Cybersecurity has shifted from being a compliance exercise to becoming one of the defining strategic issues for financial services. That was the message from Mastercard’s Magnus Egeberg and Aikido Security’s Madeline Lawrence in Copenhagen this week, as they discussed how businesses must rethink resilience in an era of relentless digital threats.
“Cybersecurity is core to our business,” said Egeberg, chief executive of Mastercard Payment Services Norway, speaking at TechBBQ, an annual startup event held in the Danish Capital.
“There are 150 million places you can pay with a Mastercard around the world.
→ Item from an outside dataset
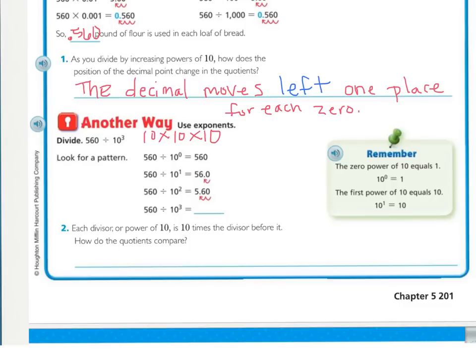So 560 divided by 10 to the 3rd equals what? 560's decimal would normally be at the end, but there's a 3, so I move the decimal 3 places to the left — that's 1, 2, 3 — putting the decimal right before the 5. You can add a 0 in the ones place, and that is okay.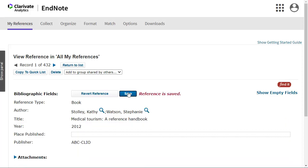If you need to add information to a field that is not displayed, click on Show Empty Fields to see the complete form.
We don’t want customers to worry about security—so we make it core to what we do.”
The scale of investment is striking. “We’ve invested $11bn since 2018,” Egeberg revealed. “That includes developing our own tools, buying technology, using third-party services, and acquiring fintechs.”
Among the recent acquisitions was Recorded Future, a threat-intelligence company bought for $2.65bn to strengthen Mastercard’s ability to track and disrupt attacks in real time.
The urgency is underlined by the scale of attempted breaches. “We are attacked 200 times a minute,” Egeberg added. “Your approach shouldn’t be to avoid attacks but to make sure they are not successful.”
For Lawrence, chief business officer of Aikido Security, the risks are growing as finance becomes ever more software-driven.
“As fintechs move online, they are ultimately software companies. The technology is more complex, but the question is simple: how can you secure everything you build, host and run? Even when you just tap a card, the API that connects it must be secure.”
Mastercard’s cyber culture
Both panellists stressed that attackers are moving faster than defenders. “The speed with which attackers adopt new tech is far more innovative because the rewards are great,” Lawrence warned. “You can have autonomous agents attacking through malicious packages at scale. The attack surface keeps growing.”
SMEs, which employ three-quarters of Europe’s workforce, are particularly exposed. Lawrence cited research by showing that 48% of cyberattacks target small and medium-sized enterprises, yet only 14% feel prepared.
“The responsibility for cyber falls on the developer or CTO. They just want to build products and keep the company alive. If you present security as homework, their eyes roll. But if you show it as sales enablement—helping close deals and build trust—they listen,” she says.
Egeberg agreed: “Cyber needs to be part of the culture of how you build your company. If your plan is to exist or sell to us, then security is one of the things we look at. It’s a competitive edge.”
The two also pointed to looming challenges in artificial intelligence and quantum computing. “All of a sudden you can have intelligences that break through and adapt,” said Egeberg. “The scale of how these threats can get smarter is concerning.” Lawrence – a former VC at Peak Capital – noted that Aikido is launching a tool to help developers test whether their apps are “post-quantum safe”.
Yet both speakers emphasised collaboration and transparency as the best defence. Mastercard shares global threat intelligence with European and local partners, while Aikido aims to “democratise security” for software developers and mid-market companies.
As Egeberg put it: “Understand the risk profile of your business and the data you are holding. That’s the foundation of good security. Then start managing the high risks. This is what I’d do if I was working in a fintech.”